= Pinaymootang First Nation =

First Nations people whose home location is at Fairford, Manitoba, Canada

Pinaymootang First Nation (also spelt in Ojibwe as Binemoodaang, meaning Partridge Crop Place) is a First Nations people whose home location is on Fairford 50 Reserve at Fairford in the Rural Municipality of Grahamdale, Manitoba, Canada. They are situated on Provincial Trunk Highway 6 (PTH 6) in the Interlake Region of Manitoba about 220 kilometres from Winnipeg. The Rural Municipality of Grahamdale forms most of the reserve's land boundary, although it also has a short border with the Little Saskatchewan First Nation as well as significant lakeshore on Lake St. Martin, which is considered as being outside the reserve. The main settlement on the reserve is located at .

The geographically separate second part of the Fairford 50 reserve is located on Dunsekikan Island in Lake St. Martin, and is about ten miles east of the main section of the reserve.

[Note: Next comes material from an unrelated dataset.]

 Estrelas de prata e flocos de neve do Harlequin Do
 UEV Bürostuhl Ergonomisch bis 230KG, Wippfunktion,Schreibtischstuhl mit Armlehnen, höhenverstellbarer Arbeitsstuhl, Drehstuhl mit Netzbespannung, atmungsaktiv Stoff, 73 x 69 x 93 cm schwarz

The registered population on Fairford 50 is about 1300 people while an additional 1600 live in various other locations. The 2011 Census showed an official population of 989 persons living at Fairford 50.

The Chief of the First Nation for over 40 years was Levi Bruce. In December 2023 Cindy Woodhouse was elected National Chief of the Assembly of First Nations.